# taz.de -- Roman über tschechische Raumfahrt: Im böhmischen Kosmos
       
       > Eine Wundertüte ist Kalfařs „Eine kurze Geschichte der tschechischen
       > Raumfahrt“. Sie ist Helden- und politische Abrechnungsgeschichte
       > zugleich.
       
 (IMG) Bild: Alexei Gubarew (UdSSR, l.) und Vladimír Remek (CSSR) flogen am 2. März 1978 mit der Sojus 28 ins All
       
       Oh, wie schön ist Panama!, möchte man manchmal vor sich hin seufzen bei der
       Lektüre von Jaroslav Kalfařs Erstlingsroman, so sehr ist dieses Buch von
       Sehnsucht durchtränkt. Nur dass das Sehnsuchts-Panama in diesem Fall
       Bohemia heißt.
       
       „Spaceman of Bohemia“ ist der Originaltitel des auf Englisch geschriebenen
       Romans, der als „Eine kurze Geschichte der böhmischen Raumfahrt“ nun ins
       Deutsche übersetzt wurde.
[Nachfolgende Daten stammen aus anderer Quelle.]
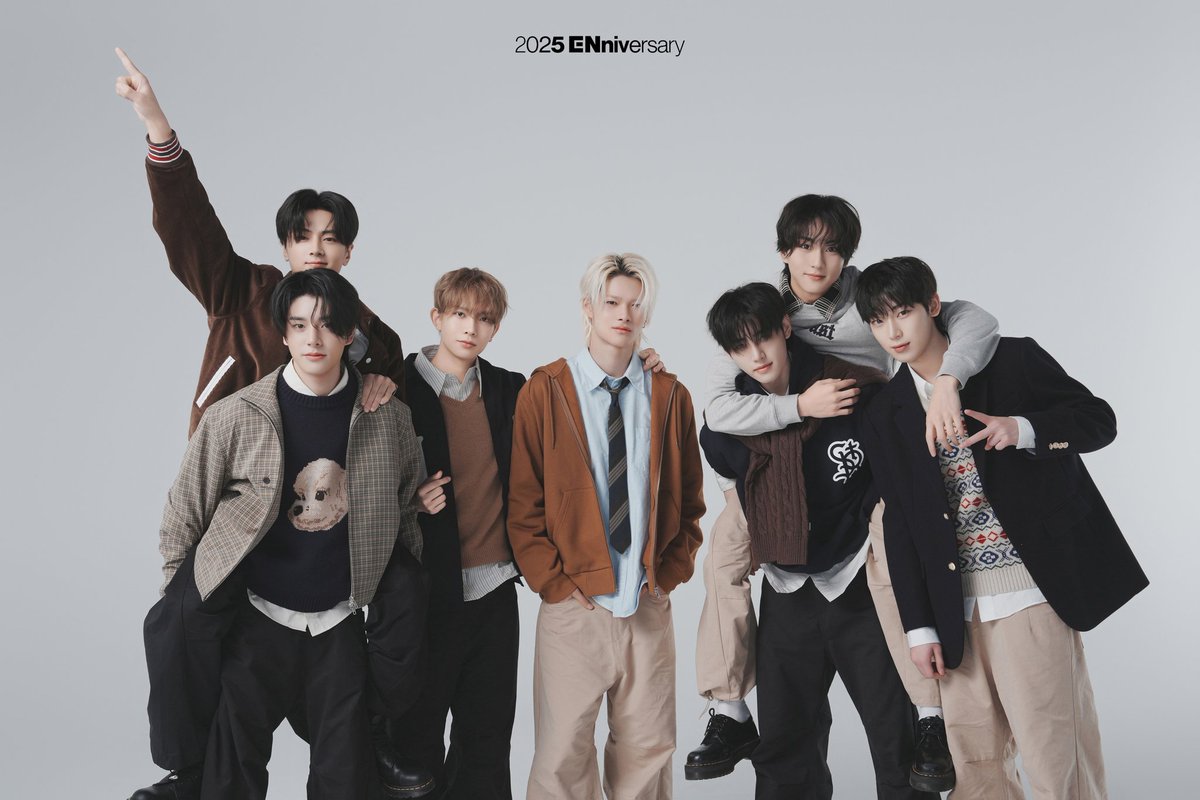 🏎️ 251121
FAMILY Photo #1

오늘도 평화로운 엔하이픈
다섯 번째 가족사진 🖐

#ENHYPEN5thAnniversary
#엔절 #다섯번째가족사진 #가족이픈
#우리엔하이픈꽉꼭안아
#ENHYPEN #엔하이픈
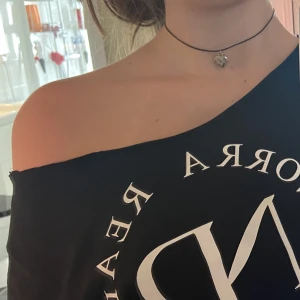 Halsband  - Lädertråd med silverfärgat hänge🌺- läderbandet är justerbart utefter hur tajt du vill att halsbandet sitter <3. Frakt utan köp-nu, via PostNord brev o frimärke: 16kr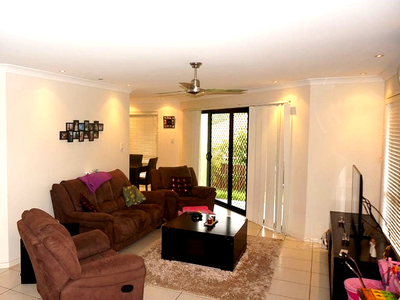 2 / 23 Cranberrie Cres, Pimpama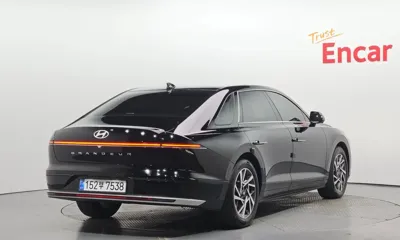 Hyundai Grandeur 2023, 42694 км, за 31000000 KRW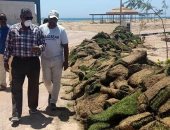 صور.. رئيس مدينة طور سيناء يتابع أعمال تجميل شاطئ الفيروز تمهيدا لافتتاحه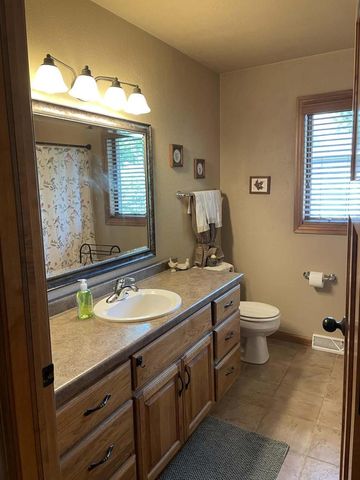 3419 Nelson ROAD, Oshkosh, WI 54904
Sein Autor Jaroslav Kalfař entstammt selbst dem
       böhmischen Kosmos, ist er doch geboren und fast ganz fertig aufgewachsen in
       Prag und erst mit 15 Jahren in die USA emigriert, wo er seither lebt. Aber
       zumindest in diesem Roman kehrt er mit so leidenschaftlicher Zugewandtheit
       in die alte Heimat zurück, dass man die emotionalen Detonationswellen beim
       Eintritt in die tschechische Kulturstratosphäre zu spüren glaubt.
       
       Unter anderem packt Kalfař ein längst nicht fertig geschmiedetes Eisen an,
       das auch mehr als zwei Jahrzehnte nach der „samtenen Revolution“ von 1989
       immer noch glüht: Er thematisiert die gesellschaftlichen und emotionalen
       Verwerfungen, die das überwundene repressive System in der
       postkommunistischen Gesellschaft hinterlassen hat. Der Autor selbst ist
       1988 geboren, also ganz Kind der neuen Zeit. Es seien aber zum Teil
       Erfahrungen seiner eigenen Familie, die er im Roman verarbeitet habe,
       erklärt er in einem Interview mit einer tschechischen Nachrichtenseite.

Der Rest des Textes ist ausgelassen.